_What you have to do_.
Report back the lines in this listing that carry the string "Design".

_Records supplied_.
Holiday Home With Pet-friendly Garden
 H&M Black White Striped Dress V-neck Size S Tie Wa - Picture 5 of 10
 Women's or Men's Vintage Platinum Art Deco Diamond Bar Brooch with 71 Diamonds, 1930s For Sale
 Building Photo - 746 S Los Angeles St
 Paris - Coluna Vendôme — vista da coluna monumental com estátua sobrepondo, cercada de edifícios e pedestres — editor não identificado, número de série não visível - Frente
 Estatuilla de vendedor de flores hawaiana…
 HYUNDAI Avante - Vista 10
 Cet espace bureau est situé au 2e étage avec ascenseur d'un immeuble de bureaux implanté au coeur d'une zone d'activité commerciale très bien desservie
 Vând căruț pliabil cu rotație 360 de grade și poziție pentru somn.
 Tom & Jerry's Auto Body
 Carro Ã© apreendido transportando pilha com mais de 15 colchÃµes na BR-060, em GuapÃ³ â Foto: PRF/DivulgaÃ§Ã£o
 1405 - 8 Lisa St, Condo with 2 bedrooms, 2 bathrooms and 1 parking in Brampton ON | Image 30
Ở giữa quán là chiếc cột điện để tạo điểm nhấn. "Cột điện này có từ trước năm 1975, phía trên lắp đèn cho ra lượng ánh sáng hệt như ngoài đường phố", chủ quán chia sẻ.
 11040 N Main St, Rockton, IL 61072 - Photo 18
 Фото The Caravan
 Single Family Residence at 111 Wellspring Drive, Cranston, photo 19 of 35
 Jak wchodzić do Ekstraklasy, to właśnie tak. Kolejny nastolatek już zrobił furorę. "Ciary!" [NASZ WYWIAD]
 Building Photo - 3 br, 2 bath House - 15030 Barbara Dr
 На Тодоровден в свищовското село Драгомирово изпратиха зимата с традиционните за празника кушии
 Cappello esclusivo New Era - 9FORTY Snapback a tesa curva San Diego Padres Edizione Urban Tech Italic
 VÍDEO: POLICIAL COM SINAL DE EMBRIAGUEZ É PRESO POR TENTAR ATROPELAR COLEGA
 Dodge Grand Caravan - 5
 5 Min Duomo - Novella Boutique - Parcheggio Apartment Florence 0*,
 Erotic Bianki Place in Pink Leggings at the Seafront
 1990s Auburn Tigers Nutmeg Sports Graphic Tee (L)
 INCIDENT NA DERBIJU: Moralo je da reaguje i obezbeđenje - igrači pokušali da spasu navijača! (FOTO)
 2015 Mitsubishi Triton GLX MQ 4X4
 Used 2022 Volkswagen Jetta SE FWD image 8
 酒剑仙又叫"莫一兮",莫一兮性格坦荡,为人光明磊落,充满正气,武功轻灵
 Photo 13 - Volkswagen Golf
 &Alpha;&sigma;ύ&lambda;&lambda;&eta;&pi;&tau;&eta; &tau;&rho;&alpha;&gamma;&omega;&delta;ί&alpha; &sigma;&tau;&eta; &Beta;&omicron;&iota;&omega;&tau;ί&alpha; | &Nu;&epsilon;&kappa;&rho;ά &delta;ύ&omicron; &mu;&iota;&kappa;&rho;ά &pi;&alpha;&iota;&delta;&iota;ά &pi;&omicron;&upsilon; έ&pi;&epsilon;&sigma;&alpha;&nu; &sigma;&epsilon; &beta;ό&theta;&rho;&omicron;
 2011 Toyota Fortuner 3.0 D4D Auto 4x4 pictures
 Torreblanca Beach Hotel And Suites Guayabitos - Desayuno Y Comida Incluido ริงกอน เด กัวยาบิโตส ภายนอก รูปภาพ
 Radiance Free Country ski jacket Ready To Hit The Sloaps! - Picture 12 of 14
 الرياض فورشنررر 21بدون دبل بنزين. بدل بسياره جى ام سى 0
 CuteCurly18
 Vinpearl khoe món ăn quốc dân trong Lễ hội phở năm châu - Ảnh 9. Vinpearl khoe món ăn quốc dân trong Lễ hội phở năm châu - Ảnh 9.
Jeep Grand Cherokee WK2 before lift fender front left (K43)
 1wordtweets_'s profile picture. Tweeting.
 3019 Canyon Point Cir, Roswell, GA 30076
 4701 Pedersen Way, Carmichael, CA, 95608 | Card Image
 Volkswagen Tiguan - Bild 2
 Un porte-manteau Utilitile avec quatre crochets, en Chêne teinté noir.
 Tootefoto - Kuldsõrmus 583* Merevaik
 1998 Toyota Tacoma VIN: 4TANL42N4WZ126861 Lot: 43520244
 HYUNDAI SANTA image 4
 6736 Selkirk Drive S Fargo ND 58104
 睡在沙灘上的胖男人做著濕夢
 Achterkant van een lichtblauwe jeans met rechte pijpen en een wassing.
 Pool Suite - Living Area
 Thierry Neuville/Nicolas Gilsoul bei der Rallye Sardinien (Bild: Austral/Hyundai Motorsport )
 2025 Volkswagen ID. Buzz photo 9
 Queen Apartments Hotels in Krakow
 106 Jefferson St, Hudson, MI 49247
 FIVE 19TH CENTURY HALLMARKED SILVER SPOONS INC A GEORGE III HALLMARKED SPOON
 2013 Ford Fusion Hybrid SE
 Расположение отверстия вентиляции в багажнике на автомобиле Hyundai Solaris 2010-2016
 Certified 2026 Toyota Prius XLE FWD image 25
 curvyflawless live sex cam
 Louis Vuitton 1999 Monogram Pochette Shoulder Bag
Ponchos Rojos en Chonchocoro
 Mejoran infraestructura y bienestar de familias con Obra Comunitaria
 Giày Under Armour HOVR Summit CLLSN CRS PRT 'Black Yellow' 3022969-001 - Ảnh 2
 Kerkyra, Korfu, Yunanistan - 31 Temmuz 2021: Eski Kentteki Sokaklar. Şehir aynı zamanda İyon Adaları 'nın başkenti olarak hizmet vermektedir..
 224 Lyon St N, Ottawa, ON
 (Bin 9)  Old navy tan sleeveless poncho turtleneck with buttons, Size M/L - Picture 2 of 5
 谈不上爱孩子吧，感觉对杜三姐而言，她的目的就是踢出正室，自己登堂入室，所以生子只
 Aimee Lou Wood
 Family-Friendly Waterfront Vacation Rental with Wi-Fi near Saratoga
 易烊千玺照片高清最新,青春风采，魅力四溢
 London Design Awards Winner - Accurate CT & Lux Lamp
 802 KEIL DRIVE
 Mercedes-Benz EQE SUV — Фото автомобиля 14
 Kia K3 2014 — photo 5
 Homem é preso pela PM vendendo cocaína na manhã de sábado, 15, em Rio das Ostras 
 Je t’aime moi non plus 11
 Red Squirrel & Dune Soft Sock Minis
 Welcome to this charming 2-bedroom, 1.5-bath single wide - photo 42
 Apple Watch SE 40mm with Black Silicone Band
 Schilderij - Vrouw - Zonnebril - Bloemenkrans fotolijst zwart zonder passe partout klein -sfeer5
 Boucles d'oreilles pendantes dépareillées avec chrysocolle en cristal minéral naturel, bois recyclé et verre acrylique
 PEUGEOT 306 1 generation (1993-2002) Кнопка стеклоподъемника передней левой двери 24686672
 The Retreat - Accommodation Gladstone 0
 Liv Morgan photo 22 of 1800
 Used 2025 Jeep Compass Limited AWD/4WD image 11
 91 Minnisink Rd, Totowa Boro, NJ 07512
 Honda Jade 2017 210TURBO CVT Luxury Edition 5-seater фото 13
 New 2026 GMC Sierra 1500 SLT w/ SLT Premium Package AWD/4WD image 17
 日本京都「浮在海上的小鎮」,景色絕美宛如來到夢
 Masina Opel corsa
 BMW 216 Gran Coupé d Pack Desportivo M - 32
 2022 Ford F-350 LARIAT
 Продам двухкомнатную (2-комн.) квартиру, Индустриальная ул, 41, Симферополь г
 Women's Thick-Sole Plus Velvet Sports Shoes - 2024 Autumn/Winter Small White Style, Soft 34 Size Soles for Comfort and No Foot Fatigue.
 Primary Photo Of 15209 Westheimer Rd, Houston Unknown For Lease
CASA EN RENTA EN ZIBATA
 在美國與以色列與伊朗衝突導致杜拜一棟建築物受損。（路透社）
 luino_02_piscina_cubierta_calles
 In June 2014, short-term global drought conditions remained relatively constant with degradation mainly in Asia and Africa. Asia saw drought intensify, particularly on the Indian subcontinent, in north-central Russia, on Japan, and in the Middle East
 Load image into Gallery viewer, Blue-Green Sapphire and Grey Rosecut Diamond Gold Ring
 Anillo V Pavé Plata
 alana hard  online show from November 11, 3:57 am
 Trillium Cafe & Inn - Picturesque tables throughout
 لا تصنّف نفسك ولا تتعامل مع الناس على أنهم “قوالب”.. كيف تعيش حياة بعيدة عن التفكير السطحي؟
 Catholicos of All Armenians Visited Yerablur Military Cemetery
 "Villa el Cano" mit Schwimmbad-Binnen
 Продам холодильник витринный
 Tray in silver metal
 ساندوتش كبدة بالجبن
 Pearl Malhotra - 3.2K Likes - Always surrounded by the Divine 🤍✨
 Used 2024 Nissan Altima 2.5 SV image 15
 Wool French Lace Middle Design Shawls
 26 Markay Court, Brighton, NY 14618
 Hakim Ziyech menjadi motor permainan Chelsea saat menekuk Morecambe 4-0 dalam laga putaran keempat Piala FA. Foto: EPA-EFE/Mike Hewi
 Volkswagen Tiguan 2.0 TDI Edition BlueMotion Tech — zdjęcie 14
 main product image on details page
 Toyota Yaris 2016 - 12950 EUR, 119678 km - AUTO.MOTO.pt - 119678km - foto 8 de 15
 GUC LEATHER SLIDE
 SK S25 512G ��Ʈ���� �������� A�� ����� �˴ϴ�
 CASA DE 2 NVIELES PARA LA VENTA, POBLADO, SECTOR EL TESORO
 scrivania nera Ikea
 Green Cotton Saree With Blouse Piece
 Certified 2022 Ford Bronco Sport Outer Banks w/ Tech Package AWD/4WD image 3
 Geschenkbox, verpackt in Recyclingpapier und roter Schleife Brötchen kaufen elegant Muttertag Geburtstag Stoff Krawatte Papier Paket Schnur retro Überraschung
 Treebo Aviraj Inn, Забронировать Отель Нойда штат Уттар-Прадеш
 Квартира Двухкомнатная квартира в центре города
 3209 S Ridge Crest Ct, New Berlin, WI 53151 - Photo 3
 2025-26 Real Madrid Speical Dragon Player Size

_Solution_.
 London Design Awards Winner - Accurate CT & Lux Lamp
 Wool French Lace Middle Design Shawls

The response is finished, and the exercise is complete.